What this task involves:
After finding the line that contains "Suwak Fiesta Red", give again that line and each one following it, exactly, until the records end.

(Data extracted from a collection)
------------------------------------------------------------------------
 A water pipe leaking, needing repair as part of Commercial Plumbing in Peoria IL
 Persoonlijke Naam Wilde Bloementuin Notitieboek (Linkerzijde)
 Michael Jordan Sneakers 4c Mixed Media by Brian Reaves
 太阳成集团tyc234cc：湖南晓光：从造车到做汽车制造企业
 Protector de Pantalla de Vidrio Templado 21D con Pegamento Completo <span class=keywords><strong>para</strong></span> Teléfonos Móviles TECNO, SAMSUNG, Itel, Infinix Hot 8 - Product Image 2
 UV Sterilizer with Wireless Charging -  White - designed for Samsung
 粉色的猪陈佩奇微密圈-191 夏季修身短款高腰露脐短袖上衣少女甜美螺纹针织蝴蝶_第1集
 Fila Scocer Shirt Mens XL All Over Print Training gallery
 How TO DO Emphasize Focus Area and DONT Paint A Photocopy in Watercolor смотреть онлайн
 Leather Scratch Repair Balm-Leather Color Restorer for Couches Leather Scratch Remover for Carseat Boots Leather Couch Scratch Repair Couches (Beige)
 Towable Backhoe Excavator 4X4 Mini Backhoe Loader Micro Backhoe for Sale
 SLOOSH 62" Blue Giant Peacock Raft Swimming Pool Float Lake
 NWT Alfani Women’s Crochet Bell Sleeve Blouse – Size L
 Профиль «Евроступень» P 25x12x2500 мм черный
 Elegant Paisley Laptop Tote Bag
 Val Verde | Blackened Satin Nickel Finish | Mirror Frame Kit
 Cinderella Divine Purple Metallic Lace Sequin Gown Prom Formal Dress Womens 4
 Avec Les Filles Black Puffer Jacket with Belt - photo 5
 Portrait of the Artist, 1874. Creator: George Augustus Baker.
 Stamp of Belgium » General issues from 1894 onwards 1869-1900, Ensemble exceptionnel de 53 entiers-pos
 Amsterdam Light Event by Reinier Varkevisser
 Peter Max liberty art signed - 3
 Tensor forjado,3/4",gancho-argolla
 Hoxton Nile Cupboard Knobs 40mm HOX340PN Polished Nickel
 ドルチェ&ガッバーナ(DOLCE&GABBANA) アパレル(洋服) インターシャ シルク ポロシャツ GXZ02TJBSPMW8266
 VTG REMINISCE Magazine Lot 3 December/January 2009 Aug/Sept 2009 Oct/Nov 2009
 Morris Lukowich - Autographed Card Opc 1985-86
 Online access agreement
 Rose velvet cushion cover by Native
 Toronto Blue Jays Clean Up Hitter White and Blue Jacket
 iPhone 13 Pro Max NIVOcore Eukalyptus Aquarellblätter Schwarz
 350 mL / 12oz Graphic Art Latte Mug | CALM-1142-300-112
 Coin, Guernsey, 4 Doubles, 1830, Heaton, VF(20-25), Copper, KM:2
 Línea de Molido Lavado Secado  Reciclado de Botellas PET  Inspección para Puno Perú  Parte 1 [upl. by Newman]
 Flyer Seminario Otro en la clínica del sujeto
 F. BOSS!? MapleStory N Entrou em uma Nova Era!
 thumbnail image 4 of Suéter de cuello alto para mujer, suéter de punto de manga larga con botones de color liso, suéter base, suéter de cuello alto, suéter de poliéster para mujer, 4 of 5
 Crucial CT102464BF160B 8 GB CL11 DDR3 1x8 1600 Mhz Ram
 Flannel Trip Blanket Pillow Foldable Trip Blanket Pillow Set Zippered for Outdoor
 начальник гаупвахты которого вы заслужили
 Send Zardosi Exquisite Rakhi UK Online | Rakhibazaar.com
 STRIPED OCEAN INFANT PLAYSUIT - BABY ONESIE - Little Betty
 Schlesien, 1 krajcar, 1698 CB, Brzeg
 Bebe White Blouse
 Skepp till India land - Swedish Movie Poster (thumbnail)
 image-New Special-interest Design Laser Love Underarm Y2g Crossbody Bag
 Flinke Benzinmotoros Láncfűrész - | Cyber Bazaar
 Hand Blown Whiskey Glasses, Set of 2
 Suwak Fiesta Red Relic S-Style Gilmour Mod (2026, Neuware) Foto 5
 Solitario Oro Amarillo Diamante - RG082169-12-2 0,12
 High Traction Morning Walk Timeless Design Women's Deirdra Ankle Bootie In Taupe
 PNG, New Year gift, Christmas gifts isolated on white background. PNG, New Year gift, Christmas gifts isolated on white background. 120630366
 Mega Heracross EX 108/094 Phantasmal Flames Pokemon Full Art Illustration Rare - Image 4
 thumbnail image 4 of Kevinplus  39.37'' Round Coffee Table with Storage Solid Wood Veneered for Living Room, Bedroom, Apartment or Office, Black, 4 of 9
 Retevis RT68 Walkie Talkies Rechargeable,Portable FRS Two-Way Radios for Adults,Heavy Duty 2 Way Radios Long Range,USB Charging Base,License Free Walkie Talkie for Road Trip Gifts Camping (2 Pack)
------------------------------------------------------------------------
Written reply:
 Suwak Fiesta Red Relic S-Style Gilmour Mod (2026, Neuware) Foto 5
 Solitario Oro Amarillo Diamante - RG082169-12-2 0,12
 High Traction Morning Walk Timeless Design Women's Deirdra Ankle Bootie In Taupe
 PNG, New Year gift, Christmas gifts isolated on white background. PNG, New Year gift, Christmas gifts isolated on white background. 120630366
 Mega Heracross EX 108/094 Phantasmal Flames Pokemon Full Art Illustration Rare - Image 4
 thumbnail image 4 of Kevinplus  39.37'' Round Coffee Table with Storage Solid Wood Veneered for Living Room, Bedroom, Apartment or Office, Black, 4 of 9
 Retevis RT68 Walkie Talkies Rechargeable,Portable FRS Two-Way Radios for Adults,Heavy Duty 2 Way Radios Long Range,USB Charging Base,License Free Walkie Talkie for Road Trip Gifts Camping (2 Pack)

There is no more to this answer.